The parallel regression assumption of the cumulative models may be too restrictive (for a test see Brant, 1990). Such an assumption can be relaxed by allowing the thresholds to depend on covariates or, alternatively, by allowing covariates to have category-specific slopes. These models are called partial proportional odds after Peterson and Harrell (1990). Another way to relax the parallel regression * assumption is to let the variance of the disturbance ei in the underlying linear model (3) to depend on covariates (McCullagh, 1980) or, alternatively, to use a scaled link such as the scaled probit link of Skrondal and Rabe-Hesketh (2004). A further approach is to introduce latent classes (Breen and Luijkx, 2010). Models violating the parallel regression assumption should be used with care since they raise identification and interpretation issues (Agresti, 2010).

Multilevel extension

Multilevel (random effects) ordered logit models are suitable for the analysis of correlated ordinal responses; see the reviews of Agresti and Natarajan (2001), Hedeker (2008) and Grilli and Rampichini (2011).
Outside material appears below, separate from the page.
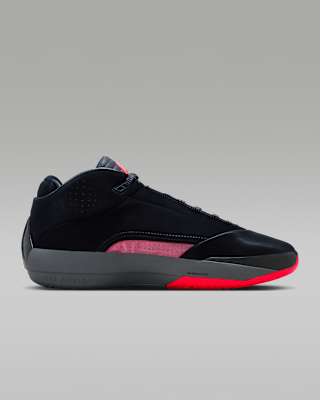 NIKE公式】エア ジョーダン 40 PF バスケットボールシューズ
Multilevel ordered logit or probit models may be useful in several kinds of applications in quality of life, for example: (i) analysis of a single response from individuals clustered into households, schools (e.g. Fielding et al., 2003) or geographical regions (e.g. Rampichini and Schifini, 1998) ; (ii) joint analysis of a set of items of a survey questionnaire on individuals (e.g. Grilli and Rampichini, 2003); (iii) analysis of repeated responses to a given question in a longitudinal survey (e.g. Ribaudo et al., 1999).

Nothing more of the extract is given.